Ofcom, which licenses RT to broadcast in the UK, decided that programmes aired after Russian ex-spy Sergei Skripal and his daughter Yulia were poisoned in Salisbury, Wiltshire, in March 2018 breached impartiality rules and imposed a £200,000 fine.
RT bosses, who said the ruling was unfair and not compatible with free speech rights, lost the first round of a fight in the High Court.
Two judges last year dismissed a judicial review claim.
On Tuesday, lawyers representing RT asked three Court of Appeal judges to overturn that ruling.
Master of the Rolls Sir Geoffrey Vos, Lord Justice Baker and Lord Justice Warby are scheduled to consider arguments over two days at a hearing in London.
Ofcom said RT’s appeals should be dismissed.
A barrister leading RT’s legal team told the appeal judges that the regulator had found that seven programmes broadcast in March and April 2018 breached “due impartiality” requirements.
Sam Grodzinski QC said six of the seven programmes related to the poisoning of the Skripals or the conflict in Syria.
He argued that Ofcom’s findings could not be justified as necessary or proportionate.
Mr Grodzinski said the two judges who considered the case in the High Court had “erred” in finding that Ofcom’s decisions did not infringe the right to free speech – enshrined in Article 10 of the European Convention on Human Rights.
“At its core, this appeal concerns the extent of the obligation imposed on television broadcasters to maintain ‘due impartiality’ in news and certain other kinds of programmes,” he said in a written case outline given to judges.
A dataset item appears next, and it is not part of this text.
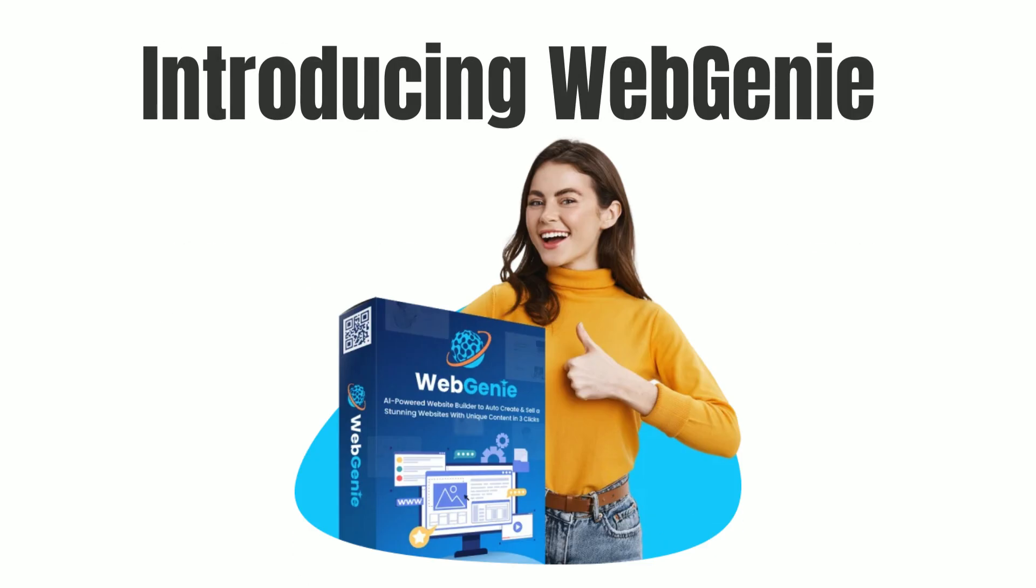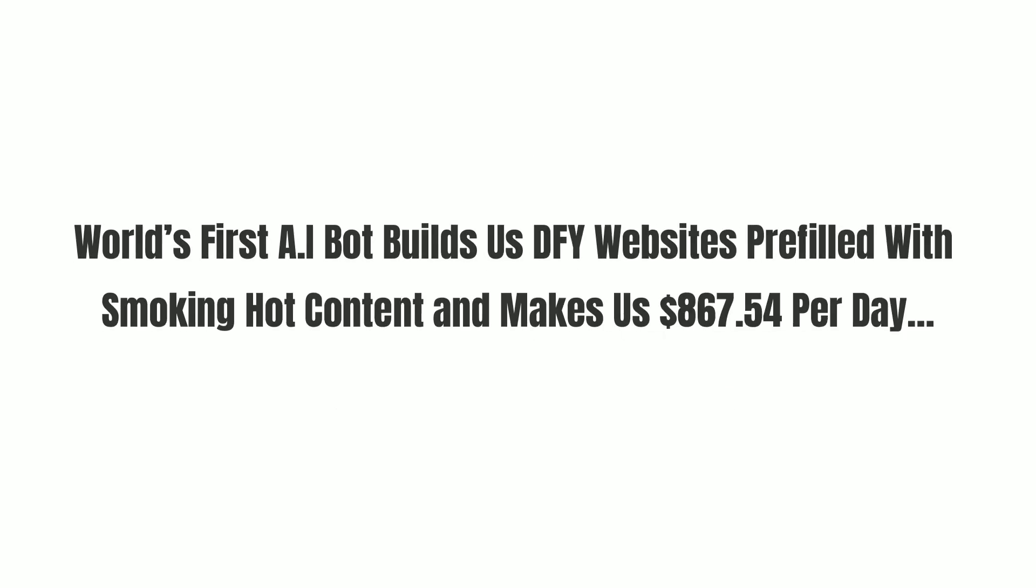Introducing Web Genie. World's first AI bot that builds DFY websites pre-filled with smoking hot content and makes $867 per day.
“It is a critical feature of Article 10 that it is applicable not only to information or ideas that are favourably received or regarded as inoffensive, but also to those that ‘offend, shock or disturb’.”
He said if the “reasoning” of the two judges who considered the case in the High Court was applied generally by Ofcom there was a risk of a “chilling” effect on broadcasters and a “less diverse news supply”.